At the end of May, Hytera filed a motion asking Judge Samuel Der-Yeghiayan to dismiss the case, arguing that the statute of limitations had passed and that Motorola’s original complaint was too vague for a proper response.

In its original complaint filed with the U.S. District Court for the Northern District of Illinois in March, Motorola alleged that three former employees of Motorola Malaysia illegally downloaded thousands of documents containing proprietary information and then went to work for Hytera and helped Hytera produce products using that information.

In its response to Hytera’s motion to dismiss, Motorola argued that the statute of limitations had not passed because, under both the Federal Defend Trade Secrets Act and the Illinois Trade Secrets Act, the clock does not start running until the theft is “discovered or by the exercise of reasonable diligence should have been discovered.”

Motorola argued that it only recently learned of the theft of trade secrets, which is why the company filed the lawsuit now, even though the alleged thefts occurred more than five years ago.

In its own response, Hytera argued that several statements Motorola made in its original complaint showed Motorola knew or should have known about the alleged theft of trade secrets much sooner than it says it did. The statements Hytera pointed to in Motorola’s original complaint were:
• The technology Motorola says was stolen was publicly disclosed in a patent application listing Hytera as the owner and one of the ex-Motorola employees as an inventor; and
• Hytera was publicly promoting the capabilities of the technology Motorola says was stolen in the United States and around the world; and
• Hytera was openly marketing and selling the accused products in the U.S. and around the world.

“Motorola alleges it did not have any actual knowledge about any misappropriation until recently, and as questionable as that appears, the court must take that allegation at face value for this motion,” Hytera’s response said. “But the complaint alleges facts showing that Motorola should have known the bases for the causes of action for trade secret misappropriation under both Illinois and federal law well before the relevant limitation periods of March 14, 2012, and March 14, 2014, respectively. “

Hytera cited a pair of court cases where the courts determined that a competitor’s marketing and public release of a product provided enough notice that the company should have discovered the misappropriation of trade secrets.

Hytera also reiterated its original argument that Motorola’s original complaint was too vague and did not give enough details on what trade secrets it alleges were stolen. In its response to the motion to dismiss, Motorola said it had met the legal requirements for identifying the secrets and that providing more information at this point in the case could potentially release sensitive and proprietary information to the public.

Hytera argued that the only details Motorola provided are a list of “general document titles that give no information of the documents or the alleged secrets they might contain.”

“… Hytera is not insisting that Motorola disclose its trade secrets in the public version of the complaint,” the response said. “There are myriad ways to identify the trade secrets without disclosing them. What is important, though, is to provide Hytera enough information to answer the complaint.”

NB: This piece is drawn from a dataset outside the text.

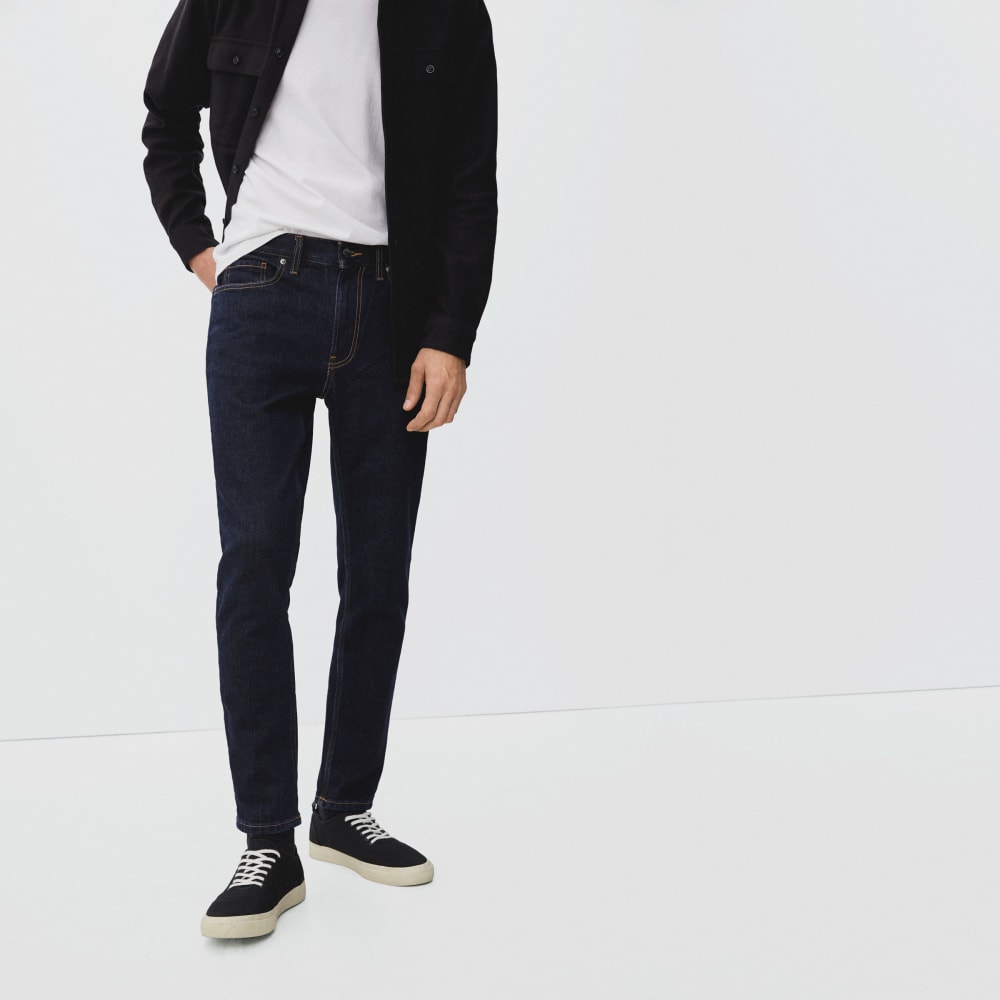 The Organic Cotton Slim-Fit Jean | Dark Indigo - Image 3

In concluding its response, Hytera acknowledged that dismissal of a case based on statute of limitations grounds is rare and said that the “procedural limitations placed on Hytera for a motion to dismiss do not allow Hytera to provide indisputable evidence” that Motorola knew of the violations prior to the statute of limitations expiring.

Hytera asked Judge Der-Yeghiayan, if he chooses to deny the motion, to grant Hytera a short period of discovery focused specifically on the statutes of limitations so that Hytera can file an early motion for summary judgment. In a summary judgment, a judge makes a decision without a full trial.

“This may well avoid lengthy and unnecessary litigation that will burden the parties and the court,” Hytera’s response said.

With both responses filed, Der-Yeghiayan will now consider the motion. The judge has not said when he will make a decision on the motion.

The trade secrets case is one of six cases that Motorola has filed against Hytera. In addition to that case, Motorola filed a patent infringement case in the U.S. District Court of Northern Illinois. That case is on hold while the U.S. International Trade Commission (ITC) investigates a patent infringement case Motorola filed with it. The ITC case is in the discovery phase, and the judge set a target of November 2018 for completion of that case.

Additionally, Motorola filed patent infringement suits in the German regional courts of Dusseldorf and Mannheim and the Federal Court of Australia.